Dice la Real Academia de la Lengua gallega que un furancho es “aquel lugar o casa particular donde se vende vino nuevo”. Hay que retomarse años atrás para encontrar el inicio de esta práctica que todavía hoy sigue muy presente en varias zonas de Galicia, principalmente en aquellas con importancia vinícola.
Los furanchos nacieron como manera de poner en circulación el vino excedente de la cosecha propia de casa, basándose en una fórmula sencilla: los vecinos, amigos, conocidos… se sientan en torno a una mesa con una cuenca y acompañan la bebida con algo de la casa (pimientos del huerto, embutido o una tortilla, por ejemplo). Todo por un precio muy rebajado. En un furancho puedes comer y beber por diez euros.
Decimos que nacieron con esta idea porque hoy algunos han derivado en taperias (casi en restaurantes) por eso son tan perseguidos por la Xunta. Son una competencia desleal al sector hostelero. También son conocidos por el nombre de laureiros porque los auténticos hay que buscarlos, no encontrarás anuncio que los publicite, y se reconocen porque una rama seca de laurel cuelga de la puerta de la casa.
Para realizar el post localizamos un furancho por la zona pontevedresa de Marcón. En la cocina, en los fogones, se encuentra la familia propietaria de las viñas y las mesas las atiende un vecino: “El año pasado abrimos 16 días, lo que nos duró el vino. Una vez que se acaba no hay más. Se cierra y a espera al año que viene”.
Nos sentamos a la mesa para probar el vino: nuevo, joven, con personalidad. No es un reserva Rioja ni siquiera un tempranillo, es vino de la casa pero como el camarero nos puntualiza “es mejor que muchos que venden con química”. Le preguntamos con que podemos acompañarle. Nos ofrece lo que tiene, no hay más.
Entre trago y trago llega a la mesa unos sabrosísimos pimientos de Padrón, de cultivo propio. Nos asegura que son de los primeros de la temporada. Uno a uno damos cuenta de ellos en busca del picante, que esta vez no llegó.

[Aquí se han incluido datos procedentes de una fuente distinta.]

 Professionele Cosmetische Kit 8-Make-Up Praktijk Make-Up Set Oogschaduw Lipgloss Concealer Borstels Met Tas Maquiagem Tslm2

La siguiente tapa en llegar a la mesa fue una tortilla de patata. De las de verdad, con sus ‘patacas’, huevos de casa, medio hecha… Duró poco.
Buena estaba también una oreja cocida a la gallega, con un toque de buen pimentón picante.
Cerramos nuestra visita con zorza. La carne en su punto: blandita y con carácter. Posteriormente repetiríamos de las tres tapas. Las cuencas seguían rellenándose de vino en armonía con la conversación.
Así pasó el tiempo, hasta que llego el momento de degustar los chupitos caseros: muy bueno el licor café, sin excesiva presencia de orujo en boca y poco dulzón, y mejor aún la crema casera.
Ir de furanchos es una manera de acercarse a la cocina familiar, de degustar los productos cultivados con cariño y esmero. La tradición en su expresión máxima.